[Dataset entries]
☆ ☆ ☆ ☆ ☆
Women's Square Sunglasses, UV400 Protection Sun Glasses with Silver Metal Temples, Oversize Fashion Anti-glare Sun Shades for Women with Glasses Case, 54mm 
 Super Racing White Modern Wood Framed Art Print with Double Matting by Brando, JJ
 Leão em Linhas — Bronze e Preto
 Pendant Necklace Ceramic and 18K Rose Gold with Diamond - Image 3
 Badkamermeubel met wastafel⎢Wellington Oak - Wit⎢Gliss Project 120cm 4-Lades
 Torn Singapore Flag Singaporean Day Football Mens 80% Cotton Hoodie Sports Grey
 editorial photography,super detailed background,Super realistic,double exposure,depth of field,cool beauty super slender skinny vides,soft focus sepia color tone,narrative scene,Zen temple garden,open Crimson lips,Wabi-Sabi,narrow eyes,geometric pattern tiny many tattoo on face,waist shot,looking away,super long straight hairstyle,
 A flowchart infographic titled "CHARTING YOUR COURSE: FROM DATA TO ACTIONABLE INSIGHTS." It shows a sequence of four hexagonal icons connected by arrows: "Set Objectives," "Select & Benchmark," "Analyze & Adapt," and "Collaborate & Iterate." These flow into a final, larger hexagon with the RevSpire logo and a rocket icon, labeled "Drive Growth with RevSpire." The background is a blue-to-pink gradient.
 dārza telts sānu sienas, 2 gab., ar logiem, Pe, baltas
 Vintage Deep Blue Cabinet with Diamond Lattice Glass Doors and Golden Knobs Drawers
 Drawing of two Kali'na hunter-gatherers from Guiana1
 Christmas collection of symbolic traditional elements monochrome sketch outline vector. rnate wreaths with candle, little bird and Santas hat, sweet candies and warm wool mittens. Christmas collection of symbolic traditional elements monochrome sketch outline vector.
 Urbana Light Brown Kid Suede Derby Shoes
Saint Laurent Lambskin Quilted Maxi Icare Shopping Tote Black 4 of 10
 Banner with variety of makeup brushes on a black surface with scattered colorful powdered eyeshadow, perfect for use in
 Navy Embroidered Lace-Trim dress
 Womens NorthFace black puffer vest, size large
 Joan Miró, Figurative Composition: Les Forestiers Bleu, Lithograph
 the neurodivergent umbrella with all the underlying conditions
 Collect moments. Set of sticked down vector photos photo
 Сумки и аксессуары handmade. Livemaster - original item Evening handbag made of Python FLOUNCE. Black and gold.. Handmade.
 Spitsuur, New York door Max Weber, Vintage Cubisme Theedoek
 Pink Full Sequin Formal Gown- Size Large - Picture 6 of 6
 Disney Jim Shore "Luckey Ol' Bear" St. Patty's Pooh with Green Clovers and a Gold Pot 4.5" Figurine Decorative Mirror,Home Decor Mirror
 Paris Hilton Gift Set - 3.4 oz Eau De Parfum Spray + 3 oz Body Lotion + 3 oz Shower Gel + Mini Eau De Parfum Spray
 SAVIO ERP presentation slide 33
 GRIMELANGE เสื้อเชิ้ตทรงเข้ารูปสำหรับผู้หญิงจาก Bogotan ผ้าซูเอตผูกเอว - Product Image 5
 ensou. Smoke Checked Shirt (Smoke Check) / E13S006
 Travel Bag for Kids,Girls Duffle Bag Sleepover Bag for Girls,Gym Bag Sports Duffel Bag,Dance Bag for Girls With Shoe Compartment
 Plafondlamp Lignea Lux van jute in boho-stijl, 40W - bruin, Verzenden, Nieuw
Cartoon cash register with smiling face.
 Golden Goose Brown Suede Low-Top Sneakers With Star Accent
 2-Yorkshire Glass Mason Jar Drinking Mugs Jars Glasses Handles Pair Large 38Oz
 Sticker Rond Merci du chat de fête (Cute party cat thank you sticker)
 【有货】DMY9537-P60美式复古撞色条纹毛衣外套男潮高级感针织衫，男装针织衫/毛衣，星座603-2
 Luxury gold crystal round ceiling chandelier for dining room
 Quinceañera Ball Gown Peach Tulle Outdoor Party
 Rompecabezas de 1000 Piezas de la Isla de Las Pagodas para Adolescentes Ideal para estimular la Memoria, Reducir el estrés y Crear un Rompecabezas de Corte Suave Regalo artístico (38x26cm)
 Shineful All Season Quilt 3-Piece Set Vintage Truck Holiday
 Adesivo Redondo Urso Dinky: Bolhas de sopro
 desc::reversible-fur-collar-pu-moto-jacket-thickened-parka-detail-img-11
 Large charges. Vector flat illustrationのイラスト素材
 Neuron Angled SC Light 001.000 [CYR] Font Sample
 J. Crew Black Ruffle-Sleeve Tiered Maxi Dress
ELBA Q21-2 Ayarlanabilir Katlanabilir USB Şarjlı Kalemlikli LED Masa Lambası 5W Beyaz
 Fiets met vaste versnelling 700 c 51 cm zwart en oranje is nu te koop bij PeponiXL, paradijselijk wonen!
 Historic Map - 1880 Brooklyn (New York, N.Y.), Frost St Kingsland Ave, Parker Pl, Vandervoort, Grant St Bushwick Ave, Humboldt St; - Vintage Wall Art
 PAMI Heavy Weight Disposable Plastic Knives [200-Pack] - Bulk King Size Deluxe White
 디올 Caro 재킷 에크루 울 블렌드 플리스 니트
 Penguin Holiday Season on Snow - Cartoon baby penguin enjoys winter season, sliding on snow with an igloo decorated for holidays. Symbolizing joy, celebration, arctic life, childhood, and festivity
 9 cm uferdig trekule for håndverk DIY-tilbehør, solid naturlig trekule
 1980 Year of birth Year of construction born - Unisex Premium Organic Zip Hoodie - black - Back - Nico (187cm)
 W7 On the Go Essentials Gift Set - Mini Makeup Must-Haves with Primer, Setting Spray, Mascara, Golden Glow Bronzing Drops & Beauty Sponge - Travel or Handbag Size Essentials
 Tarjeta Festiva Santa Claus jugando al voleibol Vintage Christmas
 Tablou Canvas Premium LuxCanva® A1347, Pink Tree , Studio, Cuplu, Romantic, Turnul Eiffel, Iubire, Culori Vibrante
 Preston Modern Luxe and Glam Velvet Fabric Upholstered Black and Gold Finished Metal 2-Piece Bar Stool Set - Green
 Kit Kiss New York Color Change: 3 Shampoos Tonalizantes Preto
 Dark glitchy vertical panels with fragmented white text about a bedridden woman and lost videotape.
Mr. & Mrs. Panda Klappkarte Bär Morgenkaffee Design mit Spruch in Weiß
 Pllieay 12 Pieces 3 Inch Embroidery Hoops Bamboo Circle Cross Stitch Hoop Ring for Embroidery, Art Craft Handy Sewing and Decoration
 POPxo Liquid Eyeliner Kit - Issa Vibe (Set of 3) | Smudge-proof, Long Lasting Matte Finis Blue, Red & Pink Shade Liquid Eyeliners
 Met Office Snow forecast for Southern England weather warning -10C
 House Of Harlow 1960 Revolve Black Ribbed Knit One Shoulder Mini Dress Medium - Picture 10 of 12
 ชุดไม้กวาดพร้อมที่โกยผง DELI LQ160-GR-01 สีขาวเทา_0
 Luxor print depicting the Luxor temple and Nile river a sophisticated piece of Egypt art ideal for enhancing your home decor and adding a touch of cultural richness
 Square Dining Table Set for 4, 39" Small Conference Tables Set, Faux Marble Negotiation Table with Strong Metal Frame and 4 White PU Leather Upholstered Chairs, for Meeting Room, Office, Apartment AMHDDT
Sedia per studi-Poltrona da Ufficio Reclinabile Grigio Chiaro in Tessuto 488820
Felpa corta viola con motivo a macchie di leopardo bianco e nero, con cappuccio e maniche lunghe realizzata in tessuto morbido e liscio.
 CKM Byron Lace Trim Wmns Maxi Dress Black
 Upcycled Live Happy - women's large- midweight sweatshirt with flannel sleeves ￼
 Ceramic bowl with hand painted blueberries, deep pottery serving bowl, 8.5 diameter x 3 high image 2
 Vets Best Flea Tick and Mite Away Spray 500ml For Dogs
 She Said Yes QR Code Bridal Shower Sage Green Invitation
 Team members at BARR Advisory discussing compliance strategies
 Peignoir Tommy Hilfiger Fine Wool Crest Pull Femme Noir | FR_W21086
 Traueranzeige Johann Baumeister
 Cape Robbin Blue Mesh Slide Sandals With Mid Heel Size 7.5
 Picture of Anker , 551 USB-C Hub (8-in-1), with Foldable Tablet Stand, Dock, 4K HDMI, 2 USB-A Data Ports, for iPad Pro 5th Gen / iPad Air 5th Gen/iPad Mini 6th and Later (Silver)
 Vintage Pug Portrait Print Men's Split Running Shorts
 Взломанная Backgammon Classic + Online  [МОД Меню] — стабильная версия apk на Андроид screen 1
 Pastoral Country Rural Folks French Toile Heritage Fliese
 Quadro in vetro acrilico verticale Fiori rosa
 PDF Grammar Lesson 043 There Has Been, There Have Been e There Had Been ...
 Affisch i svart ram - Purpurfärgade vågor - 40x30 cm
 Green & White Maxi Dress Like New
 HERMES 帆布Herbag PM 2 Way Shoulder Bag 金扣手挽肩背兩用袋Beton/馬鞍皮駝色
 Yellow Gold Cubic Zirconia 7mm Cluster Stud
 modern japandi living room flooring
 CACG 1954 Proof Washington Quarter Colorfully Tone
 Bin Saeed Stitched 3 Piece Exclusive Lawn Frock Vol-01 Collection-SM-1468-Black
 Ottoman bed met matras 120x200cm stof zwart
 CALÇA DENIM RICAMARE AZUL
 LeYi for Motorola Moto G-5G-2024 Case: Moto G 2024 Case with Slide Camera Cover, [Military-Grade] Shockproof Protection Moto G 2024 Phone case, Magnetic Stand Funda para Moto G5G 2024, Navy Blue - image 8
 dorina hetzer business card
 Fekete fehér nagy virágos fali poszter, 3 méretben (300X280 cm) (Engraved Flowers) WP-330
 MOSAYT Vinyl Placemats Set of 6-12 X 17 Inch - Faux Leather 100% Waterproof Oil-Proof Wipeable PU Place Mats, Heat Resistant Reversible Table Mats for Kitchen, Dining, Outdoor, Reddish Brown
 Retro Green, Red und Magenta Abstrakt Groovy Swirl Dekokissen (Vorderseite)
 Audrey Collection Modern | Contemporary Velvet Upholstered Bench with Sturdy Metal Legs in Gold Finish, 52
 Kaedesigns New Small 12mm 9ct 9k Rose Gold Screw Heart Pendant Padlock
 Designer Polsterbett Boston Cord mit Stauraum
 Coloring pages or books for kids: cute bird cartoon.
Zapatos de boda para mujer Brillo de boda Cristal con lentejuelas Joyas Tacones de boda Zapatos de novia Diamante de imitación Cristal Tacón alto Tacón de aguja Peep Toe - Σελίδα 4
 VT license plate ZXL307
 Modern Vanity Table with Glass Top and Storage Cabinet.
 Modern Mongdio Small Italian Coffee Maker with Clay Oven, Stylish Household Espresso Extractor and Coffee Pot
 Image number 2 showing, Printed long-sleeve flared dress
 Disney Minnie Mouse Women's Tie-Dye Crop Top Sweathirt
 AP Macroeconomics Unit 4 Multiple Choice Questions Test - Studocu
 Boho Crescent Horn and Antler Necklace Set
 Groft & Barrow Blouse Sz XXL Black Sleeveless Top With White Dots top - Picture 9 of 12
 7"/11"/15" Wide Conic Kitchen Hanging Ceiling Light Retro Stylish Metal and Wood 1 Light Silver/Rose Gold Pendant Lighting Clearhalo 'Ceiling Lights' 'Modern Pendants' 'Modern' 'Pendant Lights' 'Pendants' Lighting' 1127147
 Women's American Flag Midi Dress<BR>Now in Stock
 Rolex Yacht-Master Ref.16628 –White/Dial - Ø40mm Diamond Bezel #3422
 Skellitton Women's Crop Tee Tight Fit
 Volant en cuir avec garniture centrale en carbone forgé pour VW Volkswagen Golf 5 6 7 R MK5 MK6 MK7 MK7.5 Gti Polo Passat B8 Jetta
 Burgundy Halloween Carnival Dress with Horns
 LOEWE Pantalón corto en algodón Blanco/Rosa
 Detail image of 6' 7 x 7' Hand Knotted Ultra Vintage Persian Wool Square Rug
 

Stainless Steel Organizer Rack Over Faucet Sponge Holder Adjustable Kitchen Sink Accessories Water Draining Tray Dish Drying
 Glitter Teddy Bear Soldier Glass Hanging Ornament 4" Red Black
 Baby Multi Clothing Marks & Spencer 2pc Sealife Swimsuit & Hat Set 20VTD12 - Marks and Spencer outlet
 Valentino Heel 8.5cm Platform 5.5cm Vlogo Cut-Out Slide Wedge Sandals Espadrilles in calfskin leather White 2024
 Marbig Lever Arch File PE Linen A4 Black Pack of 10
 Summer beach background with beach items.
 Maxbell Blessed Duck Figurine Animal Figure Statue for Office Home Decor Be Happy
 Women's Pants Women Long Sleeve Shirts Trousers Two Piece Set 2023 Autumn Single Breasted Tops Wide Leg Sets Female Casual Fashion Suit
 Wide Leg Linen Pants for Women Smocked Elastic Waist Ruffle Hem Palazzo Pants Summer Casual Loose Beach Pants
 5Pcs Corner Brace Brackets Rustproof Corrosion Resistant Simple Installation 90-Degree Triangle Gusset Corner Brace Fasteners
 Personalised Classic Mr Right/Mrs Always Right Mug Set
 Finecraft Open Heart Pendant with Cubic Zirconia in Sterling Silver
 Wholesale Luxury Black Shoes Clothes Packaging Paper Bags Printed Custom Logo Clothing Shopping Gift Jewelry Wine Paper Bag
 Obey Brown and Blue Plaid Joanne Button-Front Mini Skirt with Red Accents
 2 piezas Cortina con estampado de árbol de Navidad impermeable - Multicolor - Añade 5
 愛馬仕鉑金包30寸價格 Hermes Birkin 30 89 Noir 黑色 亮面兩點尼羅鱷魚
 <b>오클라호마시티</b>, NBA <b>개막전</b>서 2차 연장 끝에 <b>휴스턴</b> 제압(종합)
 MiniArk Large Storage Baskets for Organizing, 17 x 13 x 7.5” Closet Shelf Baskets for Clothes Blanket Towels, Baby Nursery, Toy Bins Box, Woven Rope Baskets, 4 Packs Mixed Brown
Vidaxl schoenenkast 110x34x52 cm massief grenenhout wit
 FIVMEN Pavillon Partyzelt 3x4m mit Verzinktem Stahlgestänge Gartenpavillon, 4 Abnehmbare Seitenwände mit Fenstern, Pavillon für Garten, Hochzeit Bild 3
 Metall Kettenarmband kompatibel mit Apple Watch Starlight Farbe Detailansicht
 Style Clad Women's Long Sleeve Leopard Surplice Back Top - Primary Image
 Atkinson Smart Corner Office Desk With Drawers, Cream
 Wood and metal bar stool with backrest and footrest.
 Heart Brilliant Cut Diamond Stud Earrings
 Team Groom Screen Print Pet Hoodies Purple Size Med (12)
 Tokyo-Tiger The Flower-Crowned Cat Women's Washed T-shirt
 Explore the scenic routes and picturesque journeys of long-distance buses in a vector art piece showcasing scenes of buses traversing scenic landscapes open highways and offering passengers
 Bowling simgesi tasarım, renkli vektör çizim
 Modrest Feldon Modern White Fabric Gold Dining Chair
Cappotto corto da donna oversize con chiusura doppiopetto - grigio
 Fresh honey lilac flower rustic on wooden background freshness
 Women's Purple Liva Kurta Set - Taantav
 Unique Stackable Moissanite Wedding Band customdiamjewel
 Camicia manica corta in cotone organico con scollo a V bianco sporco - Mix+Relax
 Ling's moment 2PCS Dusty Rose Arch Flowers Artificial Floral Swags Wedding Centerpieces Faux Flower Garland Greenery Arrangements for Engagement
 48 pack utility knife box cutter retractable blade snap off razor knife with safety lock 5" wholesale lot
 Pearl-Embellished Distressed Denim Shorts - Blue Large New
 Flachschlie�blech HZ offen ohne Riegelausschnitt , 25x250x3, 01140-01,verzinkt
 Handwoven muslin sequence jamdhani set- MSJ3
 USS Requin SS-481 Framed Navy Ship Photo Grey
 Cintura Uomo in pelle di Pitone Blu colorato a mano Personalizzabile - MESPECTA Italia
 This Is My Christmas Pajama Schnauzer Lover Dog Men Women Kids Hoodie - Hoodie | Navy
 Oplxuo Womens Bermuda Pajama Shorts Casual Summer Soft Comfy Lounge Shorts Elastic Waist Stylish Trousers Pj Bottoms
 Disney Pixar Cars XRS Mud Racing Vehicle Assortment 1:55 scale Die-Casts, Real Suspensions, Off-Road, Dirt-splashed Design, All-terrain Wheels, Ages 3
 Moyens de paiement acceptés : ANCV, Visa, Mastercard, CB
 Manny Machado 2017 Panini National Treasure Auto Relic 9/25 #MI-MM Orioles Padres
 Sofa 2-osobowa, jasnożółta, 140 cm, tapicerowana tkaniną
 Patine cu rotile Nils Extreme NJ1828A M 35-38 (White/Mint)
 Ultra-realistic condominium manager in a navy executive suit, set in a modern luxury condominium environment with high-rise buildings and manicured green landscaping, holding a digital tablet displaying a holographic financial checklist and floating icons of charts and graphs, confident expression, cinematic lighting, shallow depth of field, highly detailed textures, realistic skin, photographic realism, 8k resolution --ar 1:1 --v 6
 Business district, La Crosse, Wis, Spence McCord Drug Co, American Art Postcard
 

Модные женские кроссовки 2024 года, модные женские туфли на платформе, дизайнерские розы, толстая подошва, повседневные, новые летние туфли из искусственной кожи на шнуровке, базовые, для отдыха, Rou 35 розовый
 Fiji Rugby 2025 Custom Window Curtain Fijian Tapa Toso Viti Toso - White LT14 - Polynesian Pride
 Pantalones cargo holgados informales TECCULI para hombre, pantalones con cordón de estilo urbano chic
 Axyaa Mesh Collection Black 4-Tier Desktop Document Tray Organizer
☆ ☆ ☆ ☆ ☆
▸ Activity
After locating the line holding "Zapatos de boda" above, output exactly that line and every line after it through the line holding "Volant en cuir". Include nothing else.

▸ Output for this task
Zapatos de boda para mujer Brillo de boda Cristal con lentejuelas Joyas Tacones de boda Zapatos de novia Diamante de imitación Cristal Tacón alto Tacón de aguja Peep Toe - Σελίδα 4
 VT license plate ZXL307
 Modern Vanity Table with Glass Top and Storage Cabinet.
 Modern Mongdio Small Italian Coffee Maker with Clay Oven, Stylish Household Espresso Extractor and Coffee Pot
 Image number 2 showing, Printed long-sleeve flared dress
 Disney Minnie Mouse Women's Tie-Dye Crop Top Sweathirt
 AP Macroeconomics Unit 4 Multiple Choice Questions Test - Studocu
 Boho Crescent Horn and Antler Necklace Set
 Groft & Barrow Blouse Sz XXL Black Sleeveless Top With White Dots top - Picture 9 of 12
 7"/11"/15" Wide Conic Kitchen Hanging Ceiling Light Retro Stylish Metal and Wood 1 Light Silver/Rose Gold Pendant Lighting Clearhalo 'Ceiling Lights' 'Modern Pendants' 'Modern' 'Pendant Lights' 'Pendants' Lighting' 1127147
 Women's American Flag Midi Dress<BR>Now in Stock
 Rolex Yacht-Master Ref.16628 –White/Dial - Ø40mm Diamond Bezel #3422
 Skellitton Women's Crop Tee Tight Fit
 Volant en cuir avec garniture centrale en carbone forgé pour VW Volkswagen Golf 5 6 7 R MK5 MK6 MK7 MK7.5 Gti Polo Passat B8 Jetta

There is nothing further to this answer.